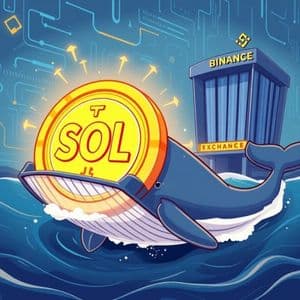 Crucial SOL Whale Transfer: $217 Million Moves to Binance
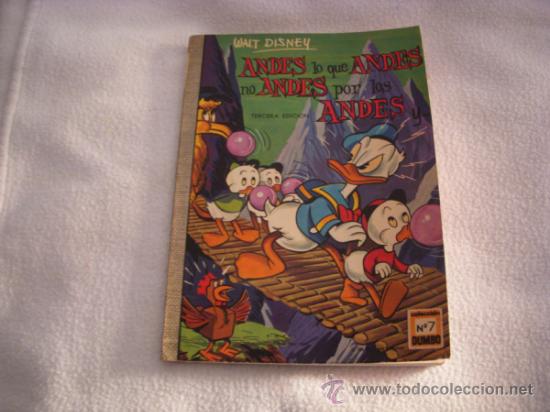 Tebeos: DUMBO N&ordm; 7, EDITORIAL ERSA - Foto 1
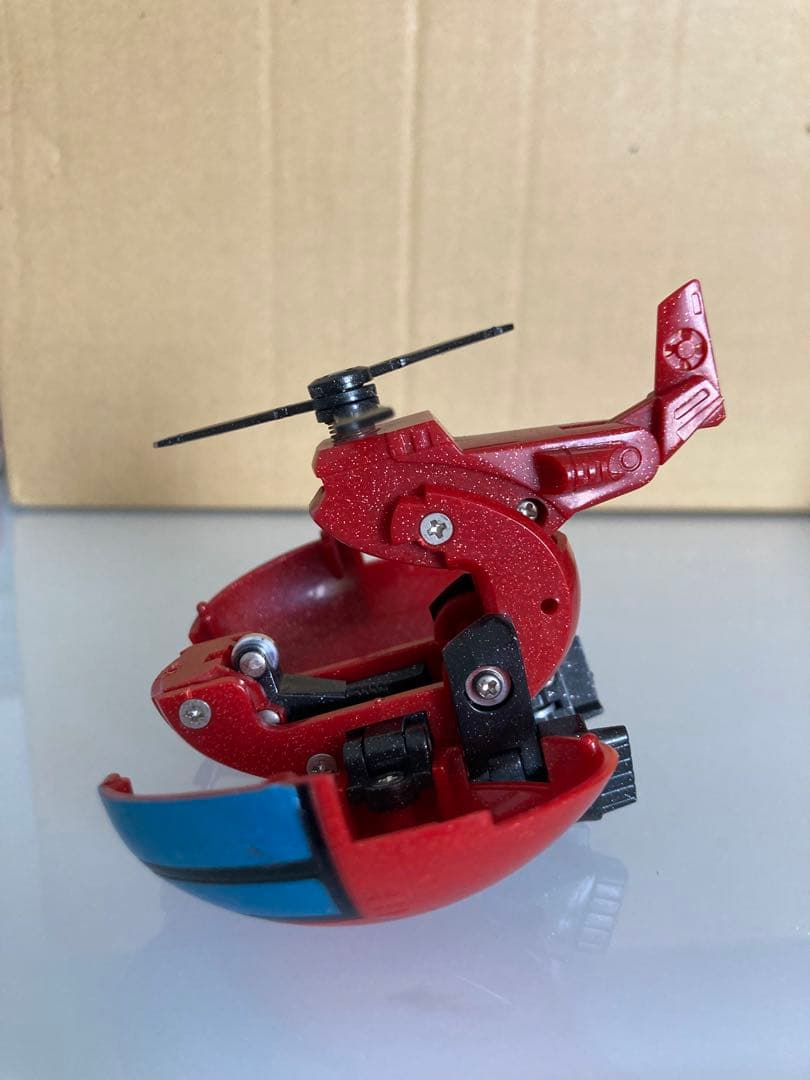 バンダイ　タマゴラス　ヘリコプター
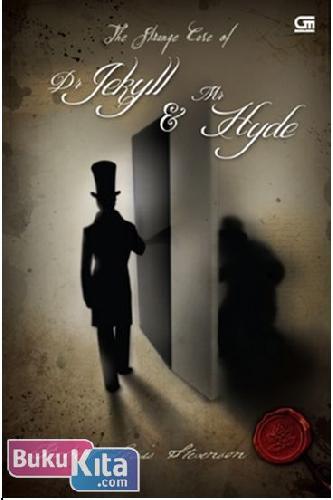 Cover Buku Dr. Jekyll dan Mr. Hyde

^^^^^^^^

Work request »
Write the listing out a second time exactly, dropping all images.

Response below »
 Crucial SOL Whale Transfer: $217 Million Moves to Binance
 Tebeos: DUMBO N&ordm; 7, EDITORIAL ERSA - Foto 1
 バンダイ　タマゴラス　ヘリコプター
 Cover Buku Dr. Jekyll dan Mr. Hyde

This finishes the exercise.